They say that nowadays Buddhism in Thailand is thriving, but it looks to me like it's sunk almost as far as it can go. The Dhamma Halls are full of attentive ears, but they're attending wrongly. Even the senior members of the community are like this, so everybody just leads each other into more delusion.

One who sees this will know that the true practice is almost opposite from where most people are going, the two sides can barely understand each other. How are those people going to transcend suffering? They have chants for realizing the truth but they turn around and use them to increase their delusion. They turn their backs on the right path. One goes eastward, the other goes west - how are they ever going to meet? They're not even close to each other.

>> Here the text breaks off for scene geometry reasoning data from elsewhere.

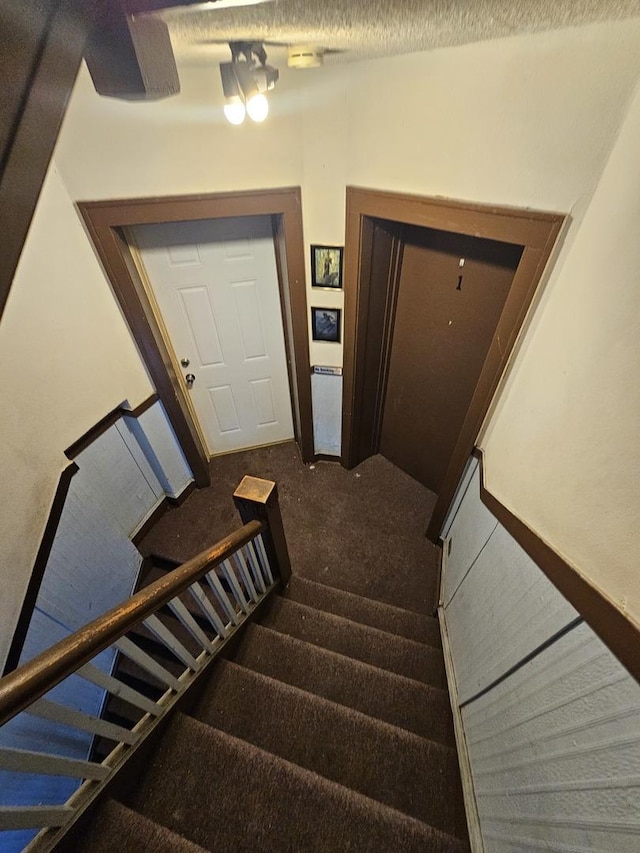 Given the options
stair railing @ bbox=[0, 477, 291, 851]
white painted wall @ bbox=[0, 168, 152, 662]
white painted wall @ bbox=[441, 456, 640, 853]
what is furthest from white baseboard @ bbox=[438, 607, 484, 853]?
white painted wall @ bbox=[0, 168, 152, 662]

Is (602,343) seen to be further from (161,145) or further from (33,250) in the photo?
(33,250)

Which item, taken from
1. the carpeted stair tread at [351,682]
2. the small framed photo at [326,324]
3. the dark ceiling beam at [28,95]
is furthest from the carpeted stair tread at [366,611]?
the dark ceiling beam at [28,95]

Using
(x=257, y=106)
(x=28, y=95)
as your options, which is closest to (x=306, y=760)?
(x=28, y=95)

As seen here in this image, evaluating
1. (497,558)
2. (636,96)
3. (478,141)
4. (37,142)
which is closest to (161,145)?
(478,141)

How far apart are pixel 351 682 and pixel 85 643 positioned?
1160 millimetres

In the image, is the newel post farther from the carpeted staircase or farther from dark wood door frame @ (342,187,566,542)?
dark wood door frame @ (342,187,566,542)

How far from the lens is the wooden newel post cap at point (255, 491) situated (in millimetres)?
1506

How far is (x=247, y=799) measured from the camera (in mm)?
1146

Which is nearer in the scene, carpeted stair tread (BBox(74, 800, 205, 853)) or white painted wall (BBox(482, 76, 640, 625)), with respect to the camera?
white painted wall (BBox(482, 76, 640, 625))

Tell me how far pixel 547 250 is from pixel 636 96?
39 centimetres

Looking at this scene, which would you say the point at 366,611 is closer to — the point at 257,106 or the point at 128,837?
the point at 128,837

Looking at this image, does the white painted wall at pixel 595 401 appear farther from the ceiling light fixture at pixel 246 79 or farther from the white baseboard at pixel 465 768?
the ceiling light fixture at pixel 246 79

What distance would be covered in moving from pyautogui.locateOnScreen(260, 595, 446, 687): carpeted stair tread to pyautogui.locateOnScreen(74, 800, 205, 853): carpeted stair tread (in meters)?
0.86

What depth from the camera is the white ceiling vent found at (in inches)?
51.4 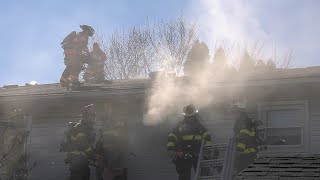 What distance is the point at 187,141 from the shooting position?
10.1 metres

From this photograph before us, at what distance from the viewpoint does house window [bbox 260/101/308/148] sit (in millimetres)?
10992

If you have looked into this you will see that this is the case. Most people are lost. But how can you tell them? Everything has become rites and rituals and mystic ceremonies. They chant but they chant with foolishness, they don't chant with wisdom. They study, but they study with foolishness, not with wisdom. They know, but they know foolishly, not with wisdom. So they end up going with foolishness, living with foolishness, knowing with foolishness. That's how it is. And teaching... all they do these days is teach people to be stupid. They say they're teaching people to be clever, giving them knowledge, but when you look at it in terms of truth, you see that they're really teaching people to go astray and grasp at deceptions.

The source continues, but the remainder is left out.